Sorry for the delay in replying; my INBOX has become a disaster
recently. More below.
On Sep 14, 2009, at 5:08 AM, Sam Verboven wrote:
> Dear All,
> I'm having the following problem. If I execute the exact same
> application using both openmpi and mpich2, the former takes more than
> 2 times as long. When we compared the ganglia output we could see that
> openmpi generates more than 60 percent System CPU whereas mpich2 only
> has about 5, the remaining cycles all going to User CPU. This about
> explains the slowdown: when using openmpi we lose more than half the
> cycles to operating system overhead. We would very much like to know
> why our openmpi implementation incurs such a dramatic overhead.
> The only reason I could think of myself is the fact that we use
> bridged network interfaces on the cluster. Openmpi would not run
> properly until we specified the mca command to use the br0 interface
> instead of the physical eth0. Mpich2 does not require any extra
What did Open MPI did when you did not specify the use br0?
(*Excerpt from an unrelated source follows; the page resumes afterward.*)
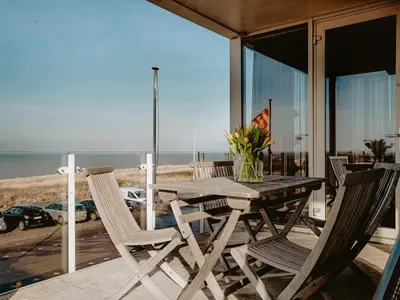 a wooden table and chairs on a deck with the beach at Apartment by the Beach with Sea Views in Egmond aan Zee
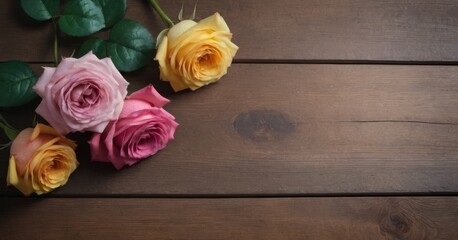 Colorful roses lie on a wooden background on the left, with free space for text on the right.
I assume that br0 is a combination of some other devices, like eth0
and eth1? If so, what happens if you "btl_tcp_if_include eth0,eth1"
instead of br0?
> The calculations themselves are done using fortran. The operating
> system is ubuntu 9.04, we have 14 dual quad core nodes and both
> openmpi and mpich2 are compiled from source without any configure
> Full command OpenMPI:
> mpirun.openmpi --mca btl_tcp_if_include br0 --prefix
> /usr/shares/mpi/openmpi -hostfile hostfile -np 224
> Full command Mpich2:
> mpiexec.mpich2 -machinefile machinefile -np 113
I notice that you're running almost 2x the number of processes for
Open MPI as MPICH2 -- does increasing the number of processes increase
the problem size, or have some other effect on overall run-time?